# Gute Bikeläden Frankfurt/Hanau umgebung!



## steviebifio (21. Mai 2004)

Hallo

Habe vor mir ein Bike zu kaufen. Da ich finanziell leider nicht auf Rosen gebettet bin und auch nicht vorhabe durch hartes Gelände, landmienen etc. zu heizen wollte ich nich mehr als 600-650 euro ausgeben. Einige Leute sagten mir ich solle mich doch nach Händlern umschauen die Auslaufmodelle anbieten oder gut erhaltene gebrauchte da ich dadurch für das Geld mehr Qualität rausholen könnte.

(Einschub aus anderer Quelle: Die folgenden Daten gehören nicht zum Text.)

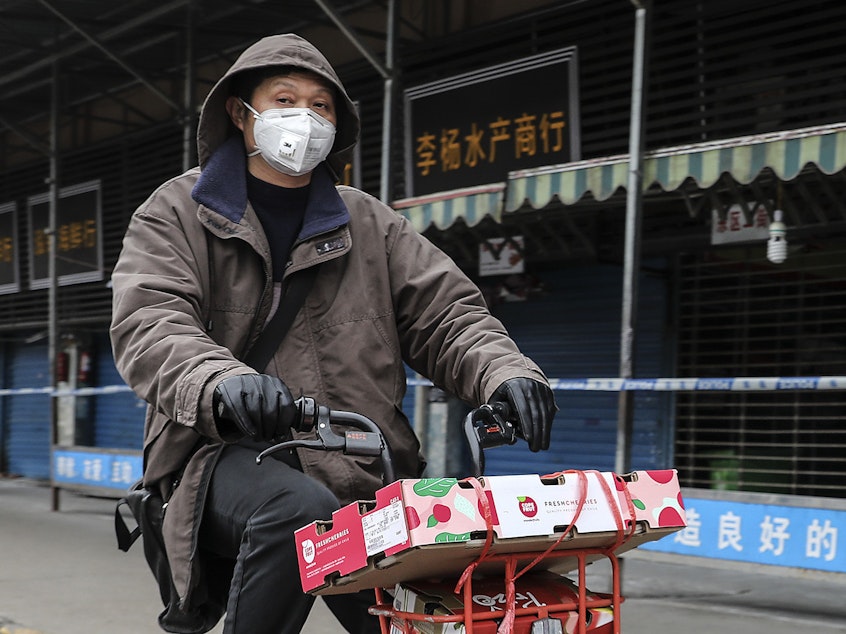 caption: A man rides past the Huanan Seafood Wholesale Market in Wuhan, China, which was closed after being linked to cases of a newly discovered coronavirus.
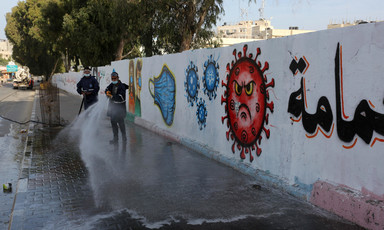 Men use hoses to spray sidewalk along wall with mural depicting a face in a coronavirus sphere and surgical masks 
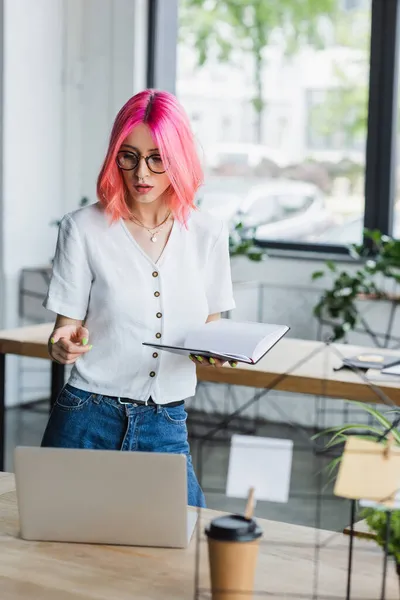 Genomborrad Affärskvinna Med Rosa Hår Håller Anteckningsbok Och Pekar Bärbar — Stockfoto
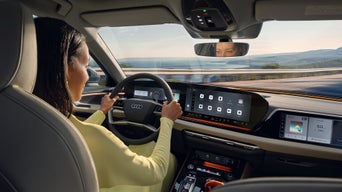 Close-up van de cockpit van een Audi, schuin van achter de bestuurdersstoel genomen.  Aan het stuur zit een vrouw.  Ze kijkt naar een kustlandschap.  Haar ogen zijn te zien in de achteruitkijkspiegel.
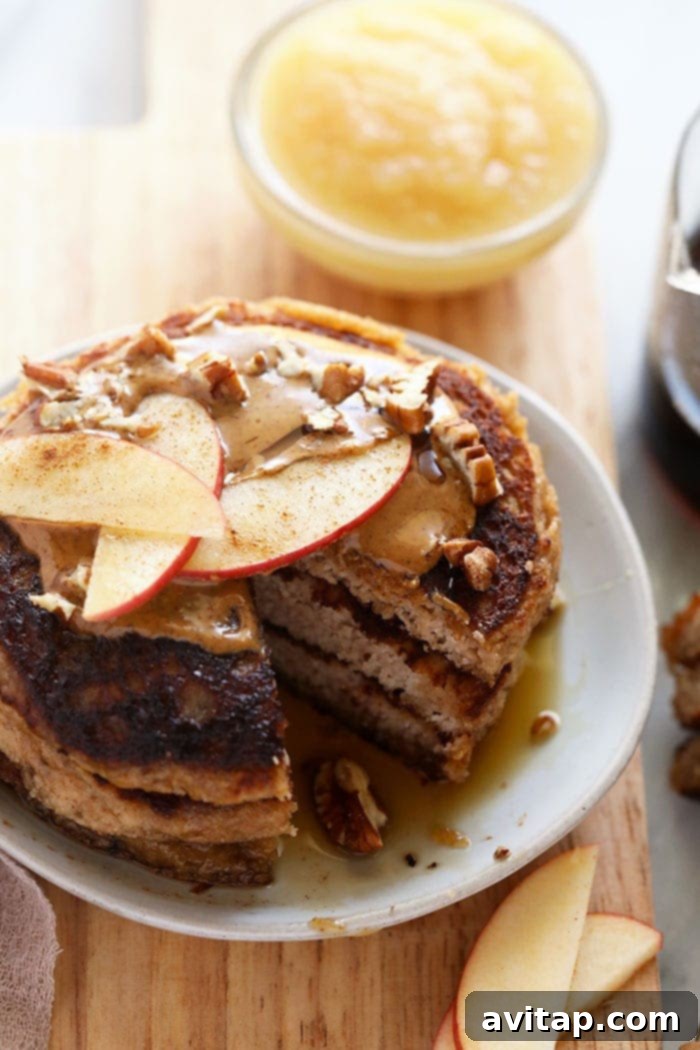 Applesauce pancakes on a plate topped with fresh apple slices and creamy nut butter, a perfect healthy and high-protein breakfast.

Ich entdeckte diese Seite hier und das wunderbar Forum mit dem bereich Frankfurt umd Umgebung ( ich komme aus Hanau ). So dacht ich mir post ich mal hier rein, hier werden mir sicherlich ein paar helfen können.

Kennt ihr läden die Auslaufmodelle oder aber gute Gebrauchte im lager führen? Sollte hier in der umgebung sein Frankfurt oder Hanau etc. !

Wer echt dankbar wenn sich jemand meldet.

Grüsse Stevie


----------



## Google (21. Mai 2004)

Eigentlich müßtest Du nach meiner Erfahrung bis Herbst/Winter warten...Ich hab im November ein Bike beim Bikemax in Frankfurt gekauft, reduziert von 1250 auf 850. Das war im November. Die brauchen dann wieder Platz für die Skisaison (Bikemax ist ja auch Skimax). Das Neue in der darauf folgenden Saison hat dann schon wieder 1350 gekostet. Jetzt, zu dieser Zeit, wo sie alle fahrn und kaufen wollen glaub ich nicht, daß Du an ein reduziertes Bike kommst. Vielleicht kannst Du mit Hilfe eines "Kenners" bei Ebay was Gebrauchtes kriegen oder geh doch im IBC mal in den Flohmarkt unter Suche und setz selbst ein Gesuch rein.


----------



## MTB-News.de




----------



## THEYO (22. Mai 2004)

gebrauchste bikes verkauft in frankfurt meines wissens nach kein shop, weil sich niemand darauf einlassen will, garanite für gebrauchte teile zu übernehmen....

mfg
yo


----------



## ghostlector (22. Mai 2004)

servus 
Die haden gebrauchte Bikes!!!! Wellmann bei Darmstadt 

www.Wellmannbikes.de


----------



## andy1 (22. Mai 2004)

ghostlector schrieb:
			
		

> servus
> Die haden gebrauchte Bikes!!!! Wellmann bei Darmstadt
> 
> www.Wellmannbikes.de


nur die hadden habben wadden  

Gude!

also dä wellmann hadd bestimmt nur hochwäddige gebrauchde Räders für die man woannerscht ein mittelGUDEs Neues bekommt.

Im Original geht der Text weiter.